■ **Required work**: Across the listing below, count the lines containing "Auto". Answer with that number only.

──────────────────────────────

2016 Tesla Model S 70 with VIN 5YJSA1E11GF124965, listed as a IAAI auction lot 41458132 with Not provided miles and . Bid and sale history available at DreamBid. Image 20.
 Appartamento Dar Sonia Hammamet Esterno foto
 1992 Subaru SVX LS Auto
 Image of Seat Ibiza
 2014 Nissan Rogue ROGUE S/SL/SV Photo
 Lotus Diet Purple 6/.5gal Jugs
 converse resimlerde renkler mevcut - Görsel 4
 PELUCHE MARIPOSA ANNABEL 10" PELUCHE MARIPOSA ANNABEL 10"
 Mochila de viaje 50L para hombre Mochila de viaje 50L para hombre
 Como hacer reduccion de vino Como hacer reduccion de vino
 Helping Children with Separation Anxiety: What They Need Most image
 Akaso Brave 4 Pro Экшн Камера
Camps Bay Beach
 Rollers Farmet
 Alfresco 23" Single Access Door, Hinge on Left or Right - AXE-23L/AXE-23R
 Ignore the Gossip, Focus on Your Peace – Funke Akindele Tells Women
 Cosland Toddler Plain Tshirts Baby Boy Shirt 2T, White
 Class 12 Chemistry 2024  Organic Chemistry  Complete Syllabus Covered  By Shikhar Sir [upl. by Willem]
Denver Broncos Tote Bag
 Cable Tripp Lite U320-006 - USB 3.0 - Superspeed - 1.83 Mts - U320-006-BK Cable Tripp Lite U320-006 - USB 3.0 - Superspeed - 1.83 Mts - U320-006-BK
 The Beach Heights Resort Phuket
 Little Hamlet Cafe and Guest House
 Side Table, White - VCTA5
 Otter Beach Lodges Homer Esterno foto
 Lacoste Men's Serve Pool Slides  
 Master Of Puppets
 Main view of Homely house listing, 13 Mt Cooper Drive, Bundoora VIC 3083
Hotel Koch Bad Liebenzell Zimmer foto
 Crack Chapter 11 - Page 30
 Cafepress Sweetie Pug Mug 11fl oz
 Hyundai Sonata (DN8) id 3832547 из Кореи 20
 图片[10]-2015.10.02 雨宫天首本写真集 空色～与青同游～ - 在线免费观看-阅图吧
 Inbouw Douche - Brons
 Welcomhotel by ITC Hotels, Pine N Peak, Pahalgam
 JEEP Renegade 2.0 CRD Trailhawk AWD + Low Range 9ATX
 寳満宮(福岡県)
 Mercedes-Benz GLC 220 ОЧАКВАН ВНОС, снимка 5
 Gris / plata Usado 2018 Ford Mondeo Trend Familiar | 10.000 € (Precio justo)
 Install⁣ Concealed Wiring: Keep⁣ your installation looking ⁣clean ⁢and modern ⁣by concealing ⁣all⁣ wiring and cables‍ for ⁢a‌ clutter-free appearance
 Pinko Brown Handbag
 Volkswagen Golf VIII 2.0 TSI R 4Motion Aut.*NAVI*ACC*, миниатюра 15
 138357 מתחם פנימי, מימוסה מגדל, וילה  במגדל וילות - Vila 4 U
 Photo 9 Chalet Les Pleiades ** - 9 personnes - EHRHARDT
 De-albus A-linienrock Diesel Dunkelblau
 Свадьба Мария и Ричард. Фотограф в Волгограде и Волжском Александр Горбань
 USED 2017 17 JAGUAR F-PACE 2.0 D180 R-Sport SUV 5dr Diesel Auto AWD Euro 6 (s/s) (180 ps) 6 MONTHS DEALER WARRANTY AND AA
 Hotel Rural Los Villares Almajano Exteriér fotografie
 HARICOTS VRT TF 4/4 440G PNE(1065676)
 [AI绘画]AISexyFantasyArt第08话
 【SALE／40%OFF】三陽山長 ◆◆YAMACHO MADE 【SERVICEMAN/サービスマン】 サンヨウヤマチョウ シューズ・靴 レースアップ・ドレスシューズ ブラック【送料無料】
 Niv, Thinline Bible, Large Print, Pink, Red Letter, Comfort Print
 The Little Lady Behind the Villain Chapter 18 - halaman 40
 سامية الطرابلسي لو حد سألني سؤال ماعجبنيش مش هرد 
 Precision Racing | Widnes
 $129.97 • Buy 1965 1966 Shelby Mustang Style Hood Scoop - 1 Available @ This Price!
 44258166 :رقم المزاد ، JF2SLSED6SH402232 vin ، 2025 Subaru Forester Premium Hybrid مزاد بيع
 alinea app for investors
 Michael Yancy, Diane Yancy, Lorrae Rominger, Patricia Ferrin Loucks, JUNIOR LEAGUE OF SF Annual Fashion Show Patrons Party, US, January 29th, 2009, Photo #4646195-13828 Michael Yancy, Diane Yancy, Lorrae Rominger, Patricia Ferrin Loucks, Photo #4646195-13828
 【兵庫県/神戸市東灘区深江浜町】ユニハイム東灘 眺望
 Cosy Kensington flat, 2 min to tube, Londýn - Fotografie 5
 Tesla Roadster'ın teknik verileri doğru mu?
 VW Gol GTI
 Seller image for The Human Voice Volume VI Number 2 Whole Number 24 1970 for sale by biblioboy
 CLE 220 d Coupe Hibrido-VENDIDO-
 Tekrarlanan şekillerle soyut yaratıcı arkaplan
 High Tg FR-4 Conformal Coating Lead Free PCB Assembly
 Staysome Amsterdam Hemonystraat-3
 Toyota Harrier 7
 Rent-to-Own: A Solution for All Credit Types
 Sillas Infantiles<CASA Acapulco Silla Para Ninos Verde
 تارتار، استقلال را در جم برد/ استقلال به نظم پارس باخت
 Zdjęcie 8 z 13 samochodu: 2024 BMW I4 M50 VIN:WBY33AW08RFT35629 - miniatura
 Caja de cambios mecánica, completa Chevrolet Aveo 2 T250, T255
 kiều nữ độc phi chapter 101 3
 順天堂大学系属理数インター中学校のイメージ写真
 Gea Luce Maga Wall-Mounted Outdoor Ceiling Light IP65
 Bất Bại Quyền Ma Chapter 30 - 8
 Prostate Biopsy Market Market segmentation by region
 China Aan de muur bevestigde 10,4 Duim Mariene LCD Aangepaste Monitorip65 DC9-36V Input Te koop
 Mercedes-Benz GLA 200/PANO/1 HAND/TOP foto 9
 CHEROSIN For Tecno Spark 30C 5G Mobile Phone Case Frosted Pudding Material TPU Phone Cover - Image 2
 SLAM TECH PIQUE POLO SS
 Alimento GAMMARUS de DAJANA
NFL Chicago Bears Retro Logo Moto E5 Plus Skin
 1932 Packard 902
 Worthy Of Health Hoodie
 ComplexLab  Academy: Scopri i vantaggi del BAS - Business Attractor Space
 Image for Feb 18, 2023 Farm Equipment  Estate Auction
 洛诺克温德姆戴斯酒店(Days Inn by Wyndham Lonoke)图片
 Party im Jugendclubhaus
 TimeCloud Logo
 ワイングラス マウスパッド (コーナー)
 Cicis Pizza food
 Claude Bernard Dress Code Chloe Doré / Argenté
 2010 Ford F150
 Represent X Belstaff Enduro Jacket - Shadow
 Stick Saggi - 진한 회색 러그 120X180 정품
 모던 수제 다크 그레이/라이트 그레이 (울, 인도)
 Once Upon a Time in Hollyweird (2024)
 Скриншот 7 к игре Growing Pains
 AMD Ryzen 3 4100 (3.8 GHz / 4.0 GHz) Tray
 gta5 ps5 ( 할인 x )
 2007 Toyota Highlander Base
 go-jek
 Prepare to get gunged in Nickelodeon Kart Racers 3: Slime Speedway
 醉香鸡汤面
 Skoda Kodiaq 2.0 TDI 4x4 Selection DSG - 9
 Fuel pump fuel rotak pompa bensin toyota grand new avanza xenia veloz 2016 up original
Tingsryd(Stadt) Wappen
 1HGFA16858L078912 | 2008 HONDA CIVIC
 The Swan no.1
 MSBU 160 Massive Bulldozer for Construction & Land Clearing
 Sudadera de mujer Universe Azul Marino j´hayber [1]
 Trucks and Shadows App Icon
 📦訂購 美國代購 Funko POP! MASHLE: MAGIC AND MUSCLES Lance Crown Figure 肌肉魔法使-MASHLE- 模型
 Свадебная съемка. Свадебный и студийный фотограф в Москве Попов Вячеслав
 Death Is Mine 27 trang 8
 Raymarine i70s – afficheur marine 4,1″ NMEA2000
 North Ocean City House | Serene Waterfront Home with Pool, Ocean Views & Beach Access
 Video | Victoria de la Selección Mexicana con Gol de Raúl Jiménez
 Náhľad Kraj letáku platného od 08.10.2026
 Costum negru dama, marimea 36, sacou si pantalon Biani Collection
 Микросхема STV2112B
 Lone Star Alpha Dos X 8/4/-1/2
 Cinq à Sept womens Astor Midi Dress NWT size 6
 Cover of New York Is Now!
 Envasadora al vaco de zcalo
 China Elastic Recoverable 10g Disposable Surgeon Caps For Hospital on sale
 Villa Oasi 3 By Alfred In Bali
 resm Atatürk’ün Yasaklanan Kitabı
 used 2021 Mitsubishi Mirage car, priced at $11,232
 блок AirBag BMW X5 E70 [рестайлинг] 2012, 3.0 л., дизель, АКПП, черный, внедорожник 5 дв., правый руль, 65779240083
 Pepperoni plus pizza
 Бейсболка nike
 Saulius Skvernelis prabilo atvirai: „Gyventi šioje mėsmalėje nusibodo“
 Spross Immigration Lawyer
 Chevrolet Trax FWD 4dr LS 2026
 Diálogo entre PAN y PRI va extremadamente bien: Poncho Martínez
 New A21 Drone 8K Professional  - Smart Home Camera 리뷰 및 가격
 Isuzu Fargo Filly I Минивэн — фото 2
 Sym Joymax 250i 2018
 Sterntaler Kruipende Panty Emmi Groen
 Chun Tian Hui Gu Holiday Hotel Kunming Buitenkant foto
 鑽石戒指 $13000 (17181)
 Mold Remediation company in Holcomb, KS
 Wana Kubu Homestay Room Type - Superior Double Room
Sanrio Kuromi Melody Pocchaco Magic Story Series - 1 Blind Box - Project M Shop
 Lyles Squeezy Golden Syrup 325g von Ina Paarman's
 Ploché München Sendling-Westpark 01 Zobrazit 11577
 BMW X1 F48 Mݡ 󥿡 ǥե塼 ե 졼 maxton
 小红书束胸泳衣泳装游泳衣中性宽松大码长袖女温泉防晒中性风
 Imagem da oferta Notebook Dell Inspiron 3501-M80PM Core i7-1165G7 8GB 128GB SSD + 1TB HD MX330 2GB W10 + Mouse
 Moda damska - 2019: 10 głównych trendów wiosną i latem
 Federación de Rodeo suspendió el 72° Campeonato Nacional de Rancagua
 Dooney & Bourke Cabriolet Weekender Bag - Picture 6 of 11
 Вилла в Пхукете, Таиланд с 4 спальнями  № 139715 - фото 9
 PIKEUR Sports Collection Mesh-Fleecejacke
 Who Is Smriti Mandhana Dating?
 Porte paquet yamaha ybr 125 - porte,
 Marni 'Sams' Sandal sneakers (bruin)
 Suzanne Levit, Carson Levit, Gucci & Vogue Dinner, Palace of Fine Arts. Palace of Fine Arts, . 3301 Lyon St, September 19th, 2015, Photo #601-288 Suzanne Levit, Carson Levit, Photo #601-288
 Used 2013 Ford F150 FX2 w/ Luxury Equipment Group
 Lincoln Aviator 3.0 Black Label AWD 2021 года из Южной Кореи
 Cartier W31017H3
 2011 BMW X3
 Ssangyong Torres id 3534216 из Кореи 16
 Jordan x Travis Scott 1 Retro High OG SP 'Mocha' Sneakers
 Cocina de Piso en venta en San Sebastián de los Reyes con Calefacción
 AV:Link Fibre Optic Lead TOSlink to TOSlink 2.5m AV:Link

──────────────────────────────

■ **Solved exercise**: 2